■ TASK PROMPT ■
The whole listing that follows, pictures excepted, should be printed again exactly as given.

■ SUPPLIED INFORMATION ■
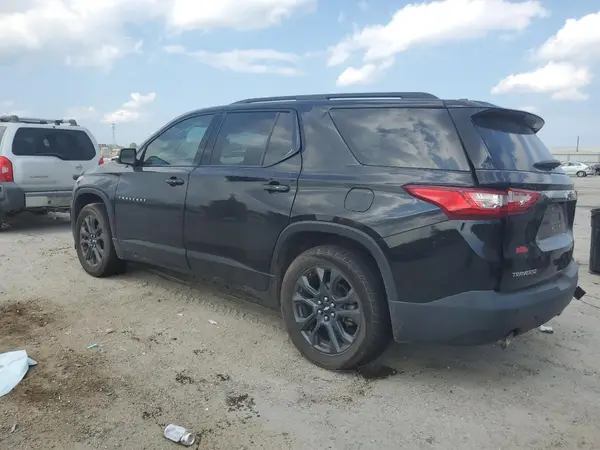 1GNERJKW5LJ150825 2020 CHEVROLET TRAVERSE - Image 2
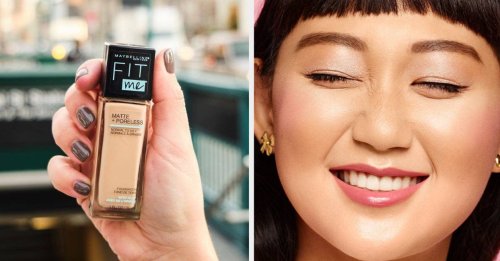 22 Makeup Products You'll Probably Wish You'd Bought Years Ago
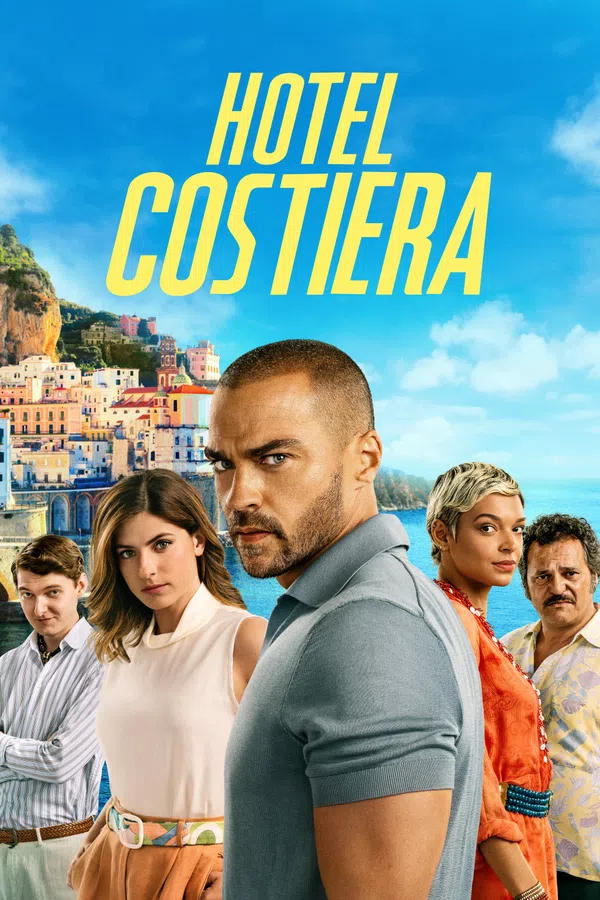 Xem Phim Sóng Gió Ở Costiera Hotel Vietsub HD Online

■ TASK OUTPUT ■
 1GNERJKW5LJ150825 2020 CHEVROLET TRAVERSE - Image 2
 22 Makeup Products You'll Probably Wish You'd Bought Years Ago
 Xem Phim Sóng Gió Ở Costiera Hotel Vietsub HD Online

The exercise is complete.